Cuando me senté en la punta de la silla, delante de Mirta, me relajé completamente. Fue  una mutua atracción espiritual, una identificación política, una comunidad ideológica. Desde ese día, y para siempre, fue la persona a la que acudí ante cualquier preocupación docente o política.

Imagen: La Jiribilla

Anécdotas tengo muchísimas, porque ella dejó una impronta en mi formación cultural y política. Siempre creyó ver en mí mucho más de lo que realmente había, tanto docente como políticamente. Cuando se hizo la Asamblea de ejemplares para la construcción del Partido en la Universidad, en la que fuimos propuestas siete profesoras, yo me encontraba entre ellas. Traté de no ser incluida, no porque no lo considerara más que un honor, sino porque, entre las otras seis, yo no era sino una brizna de paja. Estamos hablando de Vicentina Antuña, Mirta Aguirre, Graziella Pogolotti, Nuria Nuiry, Isabel Monal y Dolores Nieves, todas con un abultado historial político, de lucha insurreccional y condiciones humanas notables. Sin embargo, Mirta asumió mi defensa y, con el enome respeto que todos le tenían, logró que fuera electa como una de las “siete contra Tebas”.

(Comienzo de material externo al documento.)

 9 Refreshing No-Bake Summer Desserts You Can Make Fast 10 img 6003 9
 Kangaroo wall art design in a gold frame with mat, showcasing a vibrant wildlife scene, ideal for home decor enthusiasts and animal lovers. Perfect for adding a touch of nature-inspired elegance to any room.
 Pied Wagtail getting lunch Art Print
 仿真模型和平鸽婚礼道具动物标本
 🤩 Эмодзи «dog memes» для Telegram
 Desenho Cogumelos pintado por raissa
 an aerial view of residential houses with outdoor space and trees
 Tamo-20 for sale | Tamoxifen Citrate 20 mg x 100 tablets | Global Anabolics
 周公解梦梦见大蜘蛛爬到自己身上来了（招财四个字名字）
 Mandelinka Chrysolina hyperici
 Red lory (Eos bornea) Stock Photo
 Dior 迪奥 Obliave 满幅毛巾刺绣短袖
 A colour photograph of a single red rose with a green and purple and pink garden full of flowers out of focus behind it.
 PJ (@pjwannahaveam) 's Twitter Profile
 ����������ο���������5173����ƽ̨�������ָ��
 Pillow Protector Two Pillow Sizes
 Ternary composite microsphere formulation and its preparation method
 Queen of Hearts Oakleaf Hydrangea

Mirta fue un ser irrepetible, una acuciosa ensayista, una maestra en la más profunda acepción de la palabra, una comunista.

Sobre Del encausto a la sangre: Sor Juana Inés de la Cruz (1975) tengo una vivencia única. Nos llegó una convocatoria desde México, para participar en un concurso sobre Sor Juana, pero cerraba 15 días más tarde. Después de rápidas deliberaciones llegamos a la conclusión de que en tan corto tiempo solo alguien que ya hubiera estudiado esta figura podía hacerlo. Y a mí me tocó la tarea de pedírselo. Llegué a su casa y empecé una conversación con circunloquios y sin entrarle de lleno. Mirta me miró, sonrió socarronamente y me dijo: “A ver, Lucy, ¿qué tienes que decirme?”. Cuando se lo comuniqué me dijo: “Ven dentro de una semana a buscarlo”. Y así fue. El resultado todos lo conocen: ese maravilloso libro, no suficientemente estudiado, que comienza: “Con tinta roja…”. Desde luego que, en una semana, dejando a un lado la genialidad de Mirta, solo podía hacerlo quien, como ella, llevara años investigando a esa figura literaria del mundo colonial hispanoamericano, a quien admirara tanto, quizá por algunas semejanzas con ella misma.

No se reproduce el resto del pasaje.